Task to complete: Go to the line with "Carmel Country Club - Residential Lease" in the records below, then output it and each following line exactly, up to and including the line with "SalesBinder Reviews, Pricing, Key". Skip pictures and add nothing.

Records supplied:
Start of Block

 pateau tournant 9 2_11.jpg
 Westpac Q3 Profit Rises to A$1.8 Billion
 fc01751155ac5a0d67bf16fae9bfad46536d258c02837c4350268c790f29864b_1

End of Block
Start of Block

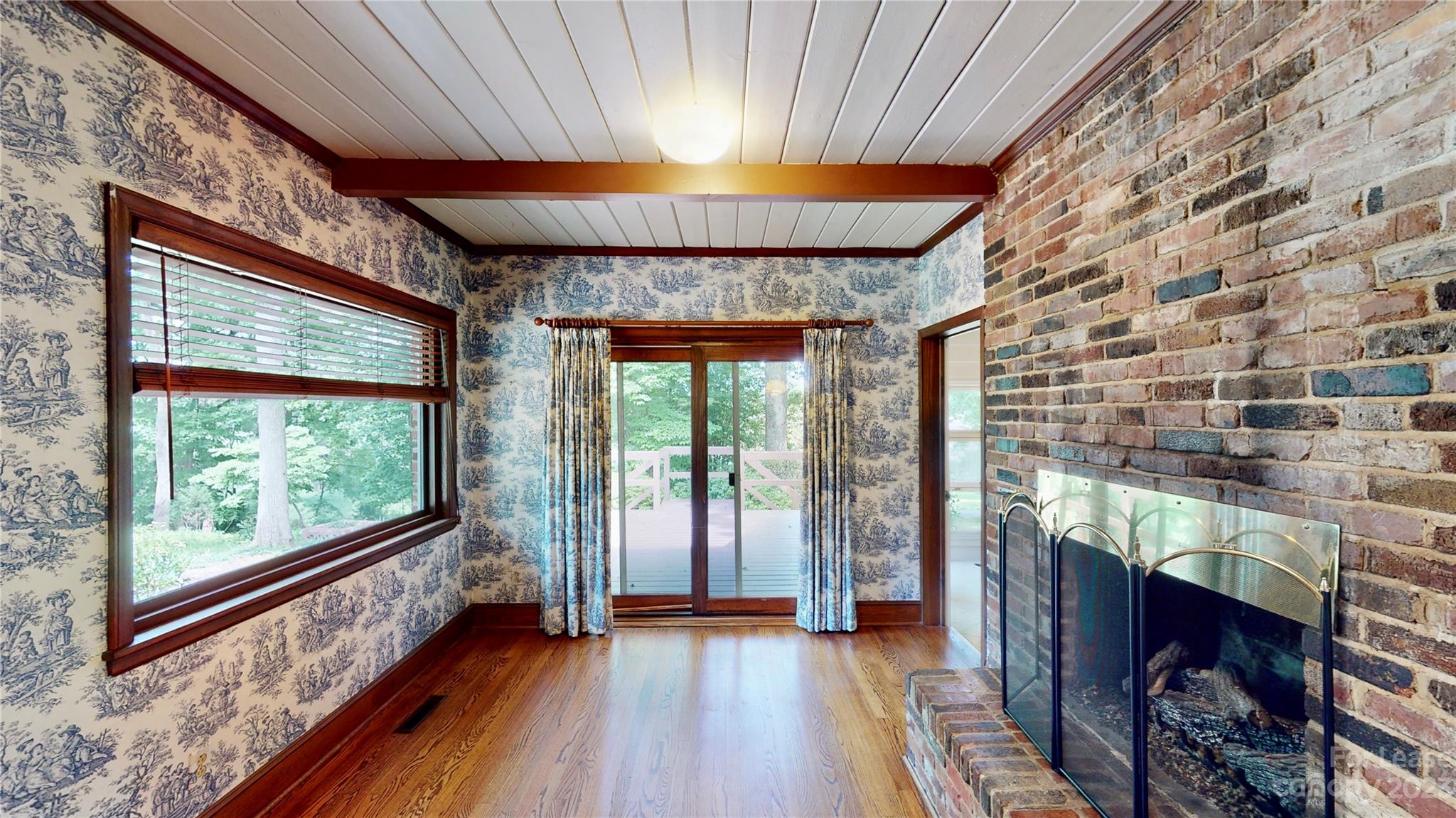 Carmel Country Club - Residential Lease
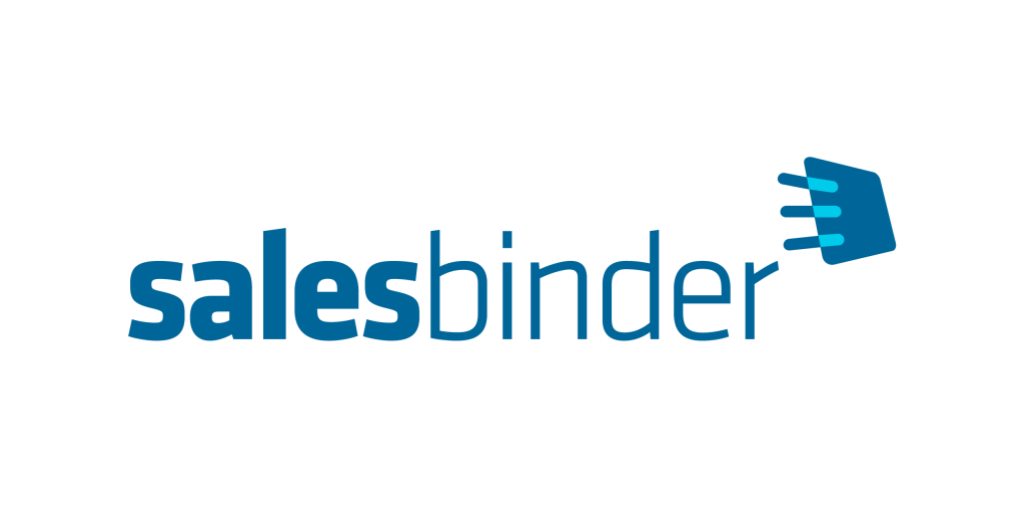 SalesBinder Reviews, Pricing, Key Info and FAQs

End of Block

Task response:
 Carmel Country Club - Residential Lease
 SalesBinder Reviews, Pricing, Key Info and FAQs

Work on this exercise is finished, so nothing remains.